AIM OF THE EXERCISE> In the listing below, find the line containing "32 Park View Tce, Sydenham, VIC 3037" and the line containing "Mujer Mapa de". Repeat exactly those two lines and every line between them.

DATASET>

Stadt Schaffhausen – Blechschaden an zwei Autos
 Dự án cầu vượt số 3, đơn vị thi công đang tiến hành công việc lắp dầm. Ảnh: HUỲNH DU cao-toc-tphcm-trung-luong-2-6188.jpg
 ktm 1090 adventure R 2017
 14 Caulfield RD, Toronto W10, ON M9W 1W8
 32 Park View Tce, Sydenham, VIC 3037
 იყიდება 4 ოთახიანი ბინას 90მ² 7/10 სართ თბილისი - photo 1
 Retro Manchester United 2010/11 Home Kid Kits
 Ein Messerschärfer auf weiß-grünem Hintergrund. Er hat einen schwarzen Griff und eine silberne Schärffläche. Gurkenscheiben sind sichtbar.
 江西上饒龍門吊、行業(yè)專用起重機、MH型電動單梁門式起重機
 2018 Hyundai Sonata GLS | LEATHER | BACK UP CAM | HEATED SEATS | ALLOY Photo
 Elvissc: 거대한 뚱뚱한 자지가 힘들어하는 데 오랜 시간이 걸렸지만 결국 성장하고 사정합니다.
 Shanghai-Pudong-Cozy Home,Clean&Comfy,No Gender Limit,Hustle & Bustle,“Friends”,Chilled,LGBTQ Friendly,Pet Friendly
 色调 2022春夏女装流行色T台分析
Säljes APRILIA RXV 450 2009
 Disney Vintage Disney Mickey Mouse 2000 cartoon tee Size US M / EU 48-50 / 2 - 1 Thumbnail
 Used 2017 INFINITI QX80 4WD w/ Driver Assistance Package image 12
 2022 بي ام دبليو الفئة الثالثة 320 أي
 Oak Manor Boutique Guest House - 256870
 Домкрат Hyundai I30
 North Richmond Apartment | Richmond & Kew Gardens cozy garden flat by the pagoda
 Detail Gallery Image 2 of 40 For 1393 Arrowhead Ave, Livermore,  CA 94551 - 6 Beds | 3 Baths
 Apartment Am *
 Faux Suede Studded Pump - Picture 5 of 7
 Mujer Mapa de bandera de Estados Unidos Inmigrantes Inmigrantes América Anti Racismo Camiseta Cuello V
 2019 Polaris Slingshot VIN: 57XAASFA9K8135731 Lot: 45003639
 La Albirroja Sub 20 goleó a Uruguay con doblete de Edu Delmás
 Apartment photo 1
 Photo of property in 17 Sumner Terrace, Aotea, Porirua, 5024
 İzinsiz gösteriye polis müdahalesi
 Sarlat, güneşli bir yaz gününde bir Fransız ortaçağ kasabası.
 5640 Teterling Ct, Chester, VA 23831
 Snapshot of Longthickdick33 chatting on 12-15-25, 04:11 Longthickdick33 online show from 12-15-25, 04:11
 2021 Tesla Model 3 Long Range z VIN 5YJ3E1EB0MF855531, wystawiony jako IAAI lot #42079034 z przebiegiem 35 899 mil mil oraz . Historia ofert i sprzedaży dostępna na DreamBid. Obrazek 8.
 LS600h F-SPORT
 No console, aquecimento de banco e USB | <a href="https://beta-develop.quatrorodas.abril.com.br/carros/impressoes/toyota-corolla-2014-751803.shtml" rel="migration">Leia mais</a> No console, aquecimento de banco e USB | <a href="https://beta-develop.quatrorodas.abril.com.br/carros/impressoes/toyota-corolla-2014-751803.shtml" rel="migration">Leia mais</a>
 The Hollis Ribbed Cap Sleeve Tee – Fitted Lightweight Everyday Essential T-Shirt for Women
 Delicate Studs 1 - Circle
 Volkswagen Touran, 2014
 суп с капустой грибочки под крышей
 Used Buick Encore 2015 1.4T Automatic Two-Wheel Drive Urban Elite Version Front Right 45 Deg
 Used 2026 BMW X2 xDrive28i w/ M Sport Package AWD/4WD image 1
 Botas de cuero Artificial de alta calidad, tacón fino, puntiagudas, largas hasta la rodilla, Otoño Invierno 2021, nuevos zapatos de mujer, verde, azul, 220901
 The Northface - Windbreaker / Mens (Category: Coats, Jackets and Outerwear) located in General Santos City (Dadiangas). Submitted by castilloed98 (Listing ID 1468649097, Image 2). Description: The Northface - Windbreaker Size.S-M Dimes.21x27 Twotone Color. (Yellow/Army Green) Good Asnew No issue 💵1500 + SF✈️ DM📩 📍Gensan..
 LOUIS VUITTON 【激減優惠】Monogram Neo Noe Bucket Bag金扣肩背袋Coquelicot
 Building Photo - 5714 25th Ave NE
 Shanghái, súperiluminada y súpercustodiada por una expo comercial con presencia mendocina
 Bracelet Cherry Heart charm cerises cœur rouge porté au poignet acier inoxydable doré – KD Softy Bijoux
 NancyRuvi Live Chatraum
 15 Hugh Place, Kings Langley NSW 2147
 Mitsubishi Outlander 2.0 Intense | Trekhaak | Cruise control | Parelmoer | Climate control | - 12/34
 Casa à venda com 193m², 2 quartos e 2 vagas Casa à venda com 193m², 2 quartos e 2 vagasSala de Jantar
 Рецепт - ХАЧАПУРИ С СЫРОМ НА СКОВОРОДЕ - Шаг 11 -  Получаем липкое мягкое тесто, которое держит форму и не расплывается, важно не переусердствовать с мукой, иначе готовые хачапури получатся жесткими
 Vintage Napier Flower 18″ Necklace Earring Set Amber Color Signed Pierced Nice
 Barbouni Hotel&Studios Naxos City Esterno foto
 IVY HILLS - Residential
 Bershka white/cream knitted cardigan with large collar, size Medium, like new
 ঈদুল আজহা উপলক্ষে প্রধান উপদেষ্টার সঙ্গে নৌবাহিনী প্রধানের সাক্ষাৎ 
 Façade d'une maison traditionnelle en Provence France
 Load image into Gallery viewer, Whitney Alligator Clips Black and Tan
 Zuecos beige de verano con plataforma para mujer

ANSWER BELOW>
 32 Park View Tce, Sydenham, VIC 3037
 იყიდება 4 ოთახიანი ბინას 90მ² 7/10 სართ თბილისი - photo 1
 Retro Manchester United 2010/11 Home Kid Kits
 Ein Messerschärfer auf weiß-grünem Hintergrund. Er hat einen schwarzen Griff und eine silberne Schärffläche. Gurkenscheiben sind sichtbar.
 江西上饒龍門吊、行業(yè)專用起重機、MH型電動單梁門式起重機
 2018 Hyundai Sonata GLS | LEATHER | BACK UP CAM | HEATED SEATS | ALLOY Photo
 Elvissc: 거대한 뚱뚱한 자지가 힘들어하는 데 오랜 시간이 걸렸지만 결국 성장하고 사정합니다.
 Shanghai-Pudong-Cozy Home,Clean&Comfy,No Gender Limit,Hustle & Bustle,“Friends”,Chilled,LGBTQ Friendly,Pet Friendly
 色调 2022春夏女装流行色T台分析
Säljes APRILIA RXV 450 2009
 Disney Vintage Disney Mickey Mouse 2000 cartoon tee Size US M / EU 48-50 / 2 - 1 Thumbnail
 Used 2017 INFINITI QX80 4WD w/ Driver Assistance Package image 12
 2022 بي ام دبليو الفئة الثالثة 320 أي
 Oak Manor Boutique Guest House - 256870
 Домкрат Hyundai I30
 North Richmond Apartment | Richmond & Kew Gardens cozy garden flat by the pagoda
 Detail Gallery Image 2 of 40 For 1393 Arrowhead Ave, Livermore,  CA 94551 - 6 Beds | 3 Baths
 Apartment Am *
 Faux Suede Studded Pump - Picture 5 of 7
 Mujer Mapa de bandera de Estados Unidos Inmigrantes Inmigrantes América Anti Racismo Camiseta Cuello V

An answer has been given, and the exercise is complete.